Content starts

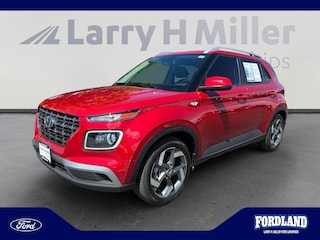 2023 Hyundai Venue Limited SUV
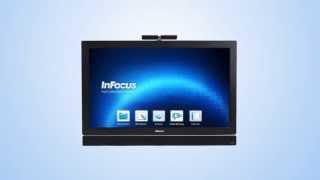 InFocus Mondopad  See It, Touch It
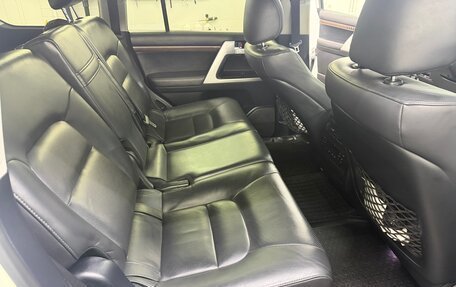 Toyota Land Cruiser 200, 2018 год, 6 600 000 рублей, 11 фотография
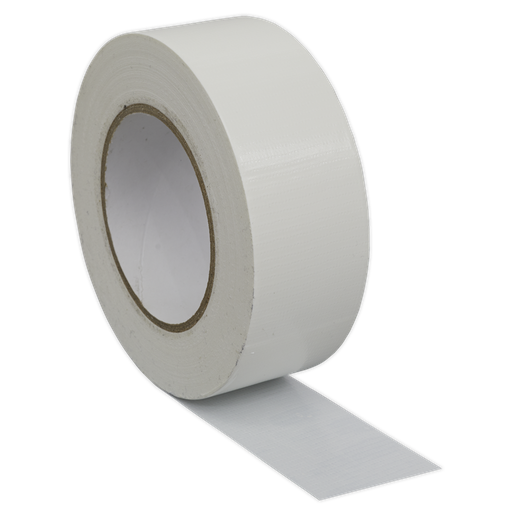 [DTW] Duct Tape 50mm x 50m - White
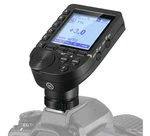 Neewer Qpro-n Ttl Wireless Flash Trigger For Nikon 1/8000S Hss Tilt Q4 Q3 Z1 Open. Price: $59.88.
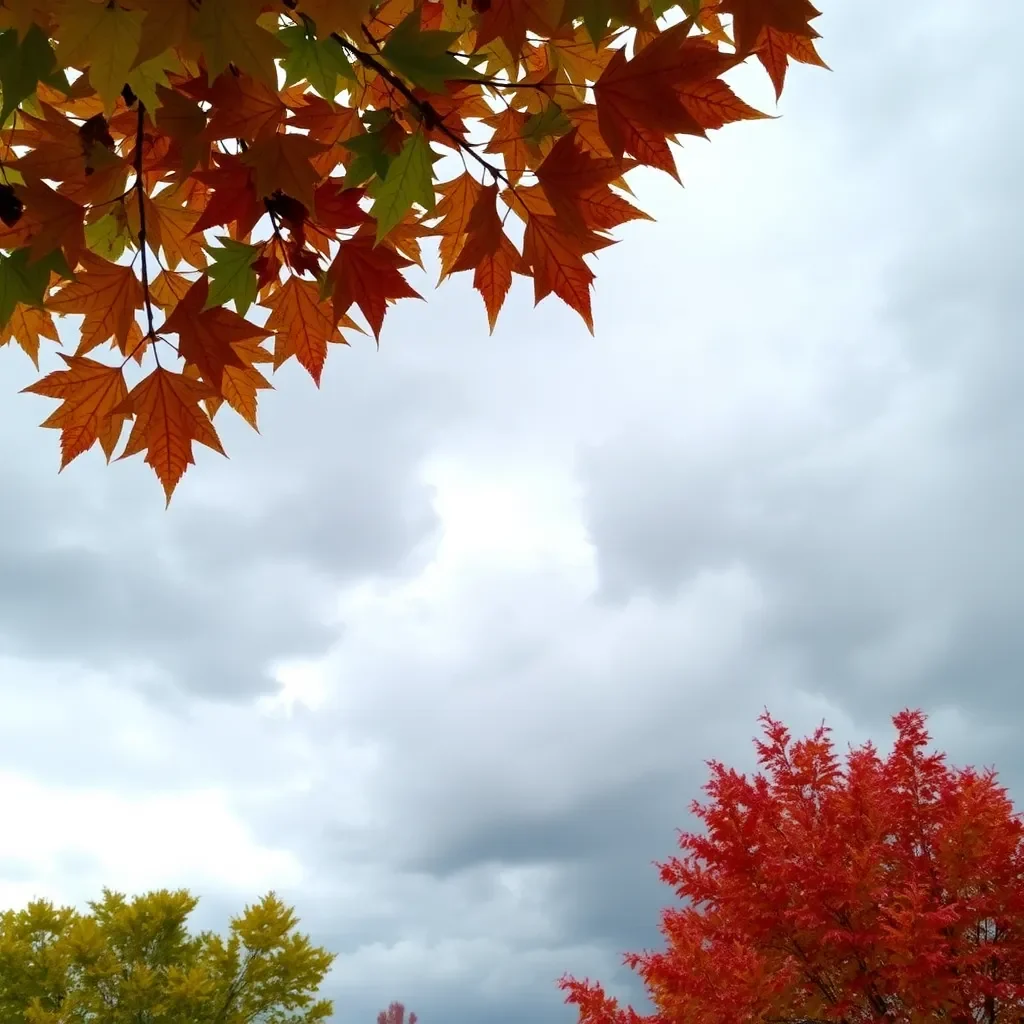 Birmingham Enjoys Warm November Start While Hurricane Rafael Approaches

Content ends

◆ **Prompt**
If a line falls between the one containing "Neewer Qpro-n Ttl" and the last line of the records above, inclusive, restate it exactly; leave out the pictures and everything else.

◆ **Response to the exercise**
 Neewer Qpro-n Ttl Wireless Flash Trigger For Nikon 1/8000S Hss Tilt Q4 Q3 Z1 Open. Price: $59.88.
 Birmingham Enjoys Warm November Start While Hurricane Rafael Approaches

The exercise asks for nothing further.